* DATA *
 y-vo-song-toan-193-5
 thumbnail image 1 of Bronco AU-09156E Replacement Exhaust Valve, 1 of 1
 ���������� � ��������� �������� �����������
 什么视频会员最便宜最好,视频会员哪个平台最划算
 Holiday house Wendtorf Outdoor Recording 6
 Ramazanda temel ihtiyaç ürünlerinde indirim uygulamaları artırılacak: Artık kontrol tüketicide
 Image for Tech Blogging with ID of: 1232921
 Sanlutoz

...

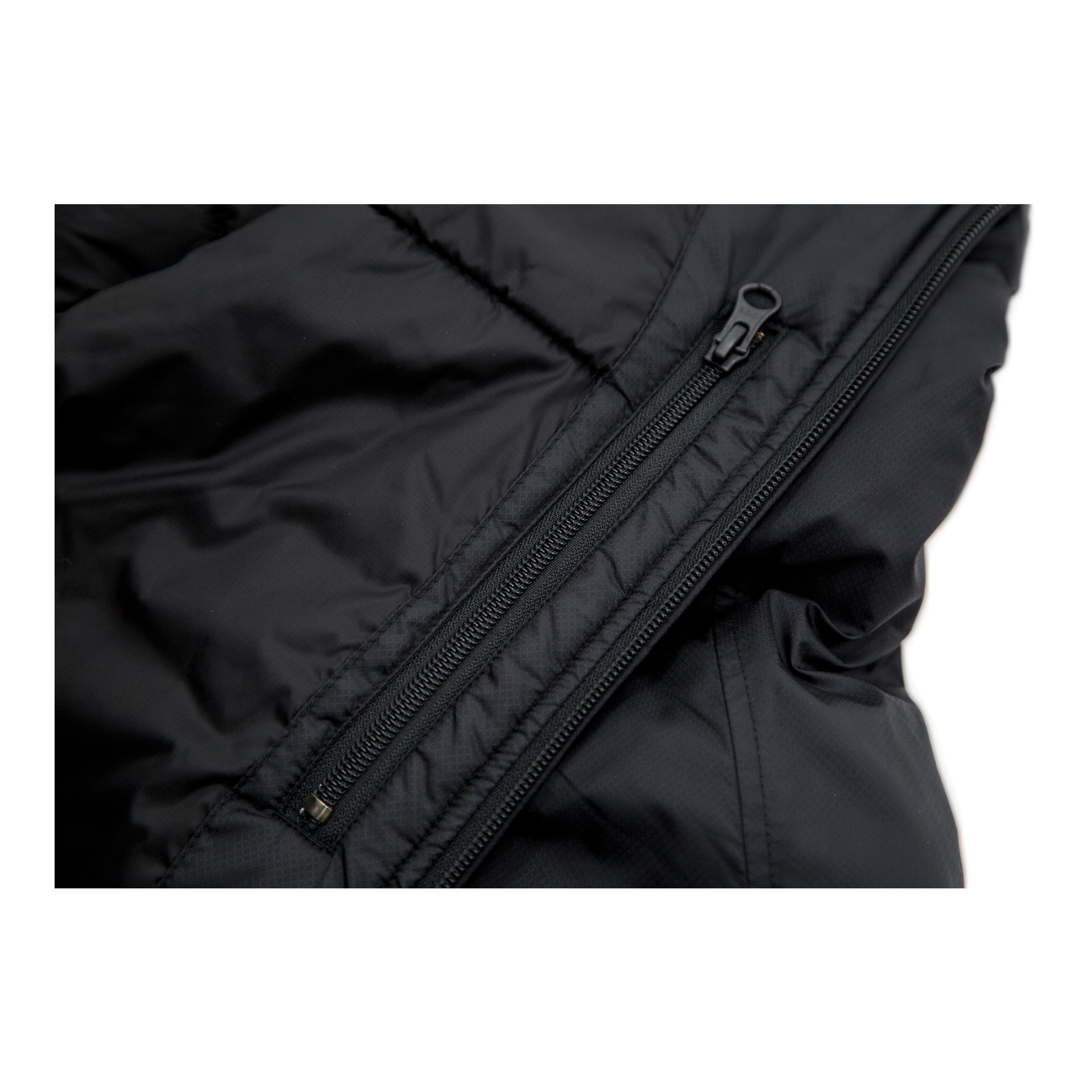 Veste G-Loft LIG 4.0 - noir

---

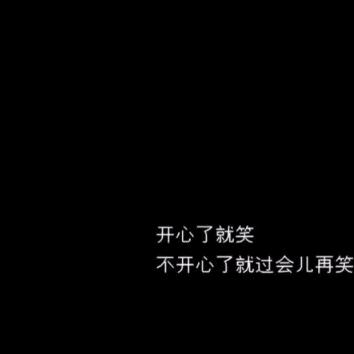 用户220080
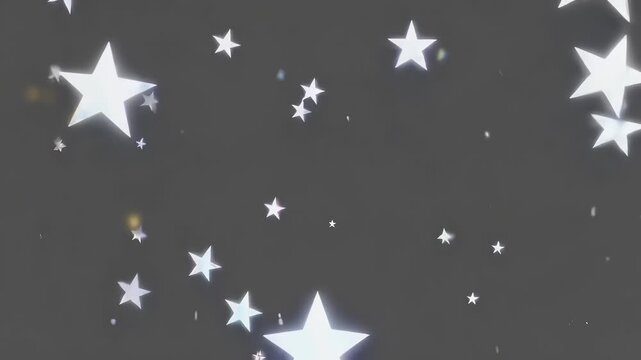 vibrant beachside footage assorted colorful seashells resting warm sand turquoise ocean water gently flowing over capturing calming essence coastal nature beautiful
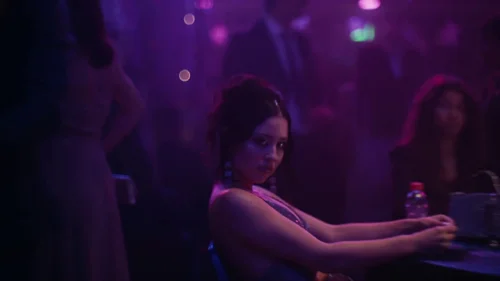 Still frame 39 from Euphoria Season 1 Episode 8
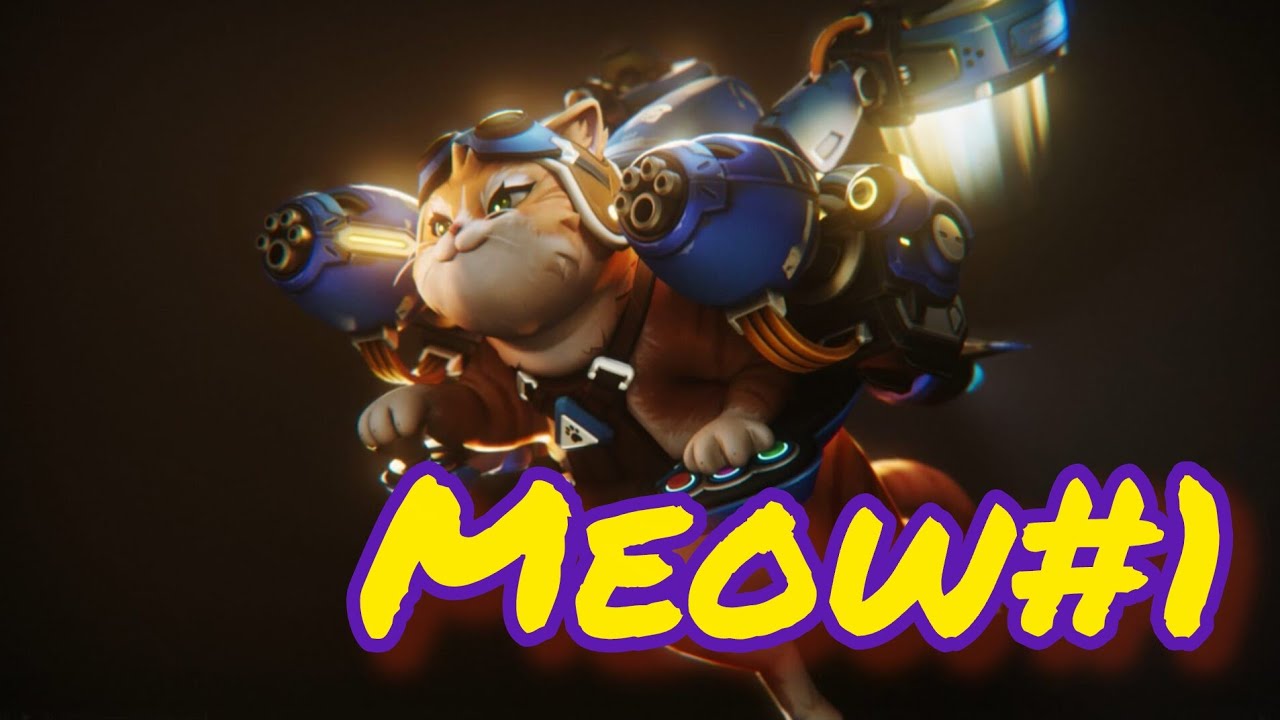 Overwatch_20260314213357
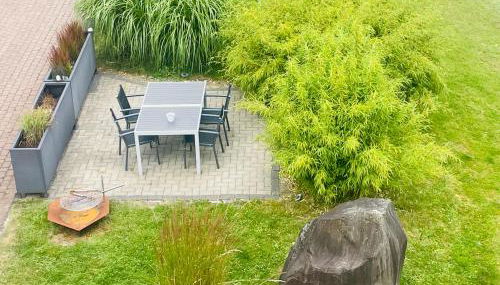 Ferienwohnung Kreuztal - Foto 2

* WHAT THE EXERCISE ASKS *
An exact transcription is needed of the lines from the one with "Overwatch_20260314213357" to the one with "Ferienwohnung Kreuztal - Foto 2" above, both ends included, with pictures left out.

* RESULT *
 Overwatch_20260314213357
 Ferienwohnung Kreuztal - Foto 2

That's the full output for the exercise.